The block expression is quite similar to the function literal application () { /*my code here*/ } (), but there is no function object at run time, which means that there is no run-time cost as there would be with the function literal.

May 11 '23 15:05 eernstg

Yes, I do think that this featured could be more general as in your linked issue.

However, since that feature will not be available for awhile most likely, I think it would be good to support for a refactoring assist to convert an expression to an immediately invoked function expression.

May 11 '23 16:05 TimWhiting

I agree this is an annoying wart of the syntax.

If I had a time machine, Dart would have always been an expression-based language. But I don't, and it isn't, so I tried to fit patterns and switch expressions in as gracefully as I could given that Dart already does make a distinction between expressions and statements.

Something like block-expressions could help, though it makes me wonder if we should consider just trying to actually do the whole thing and make the language expression-oriented.

May 11 '23 23:05 munificent

If you look at the changes recently, they are heavily expression oriented:

Collection elements Records Patterns

The first two work in a statement oriented language, because collection elements are only useful in expression position, records are part of patterns to a large degree, but as just a datastructure they are mostly a anonymous constructor expression. Patterns as you mentioned is really hard to put into a statement oriented language. I think it is great that it is finally here. I wouldn't go back to pre dart 3.0, but the experience has yet to feel polished in my opinion. This can and I believe will come over time, however I wonder if there will need to be some larger breaking changes as far as syntax goes to make it actually feel polished.

Something like block-expressions could help, though it makes me wonder if we should consider just trying to actually do the whole thing and make the language expression-oriented.

I'm curious what you envision for this? Is a larger breaking change with an automated syntax migration needed in your opinion to make dart an expression first language?

May 12 '23 01:05 TimWhiting

They could do the job, and they amount to the same syntax except for the parentheses:
  return switch (this) {
    Ref() => k(this),
    // ... etc
    Lambda(:final formals, :final body) => {
        //... Some code
        return x;
      },
  };

My two cents on this is that it looks a bit weird.

=> {} is reminiscent of JS. It's not something we see in Dart.

It'd be quite confusing imo

May 12 '23 03:05 rrousselGit

Like any other Dart function syntax is expressed this can folllow the same. the user should be able to write either of below Lambda(:final formals, :final body) { //... Some code return x; }, OR Lambda(:final formals, :final body) => x,

May 14 '23 04:05 braj065

Lambda(:final formals, :final body) { //... Some code return x; }, OR Lambda(:final formals, :final body) => x,

Yes, I think that would work, though we have to be careful that it doesn't run into an ambiguity around map patterns or get in the way of other pattern syntax we might want to add.

The harder question is what the semantics of that block body are. I don't think return in the middle of a block should mean "yield this value from the block". Users expect return to return from functions and I think that's a good property to maintain.

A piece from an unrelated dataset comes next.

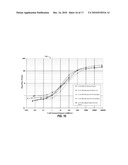 Insulation Test Cryostat with Life Mechanism diagram and image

I would be tempted to do something Rust-like and say that a block yields the value of the last statement in it (which would be void if the last statement wasn't an expression statement or some other statement that yields a value like a nested block).

But making the language expression oriented like this would be a big change, and I have no idea if there is a coherent design that would hold together and, if so, if we could actually ship it and migrate the world onto it without too much chaos.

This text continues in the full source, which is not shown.